Winding its endless filament of space-time around the sun, the earth swung this week squarely between the sun and the moon. Earth’s shadow did not turn the moon entirely dark, because enough sunlight was bent around the earth by atmospheric refraction to illuminate the satellite dimly. Since long red wavelengths of sunlight pass through layers of atmosphere more easily than short blue wavelengths, the color of the eclipsed moon was a dark, dull, coppery red.

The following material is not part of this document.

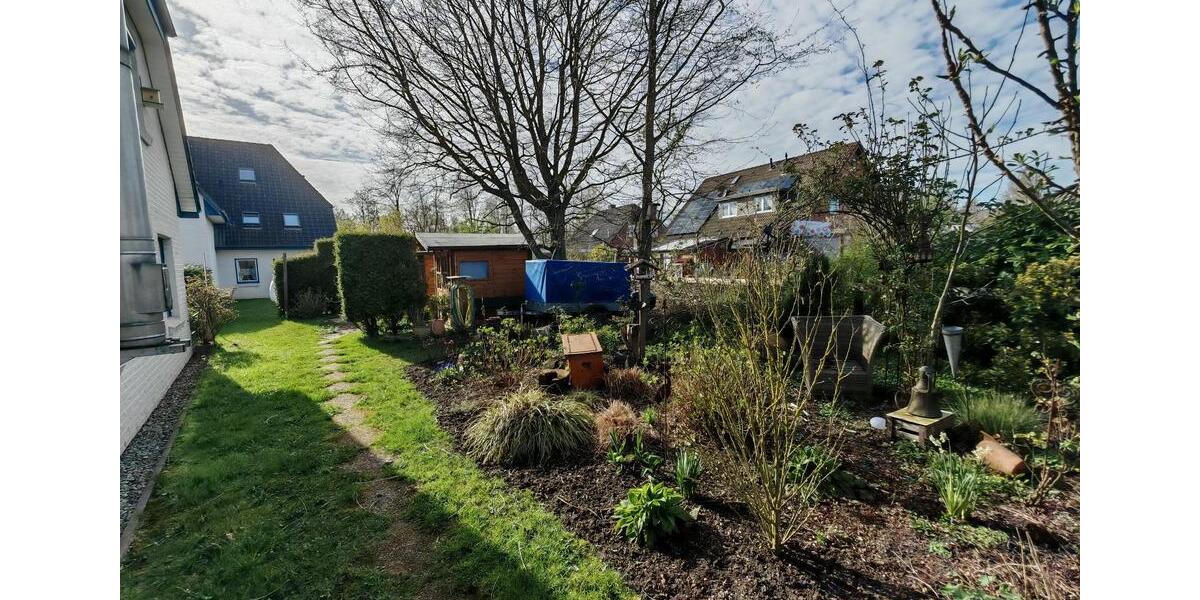 Maisonettenwohnung Garding - 4 Zimmer, 100 m&sup2;, 195.000&euro; | Angebot:26291810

Though lunar eclipses are less frequent than solar eclipses, more people see them because the darkened moon is visible from a whole hemisphere of earth. Totality of this week’s lunar eclipse lasted 1 hr. 23 min. For a brief interval on the Atlantic seaboard a remarkable phenomenon was on view. The moon rose, fully eclipsed, six minutes before sunset. Thus for that time both bodies were visible where there was a clear view from horizon to horizon. Explanation :

Since the earth was directly between the sun and moon, the sun had actually set when the moon rose. But atmospheric refraction raises the sun’s apparent position in the sky by more than one of its diameters. Thus for six minutes after the eclipsed moon rose the sun’s image remained above the western horizon. This was the first time the Atlantic seaboard had seen such a thing in the 20th Century, although it was visible elsewhere in the U. S. in 1920, twice in 1913.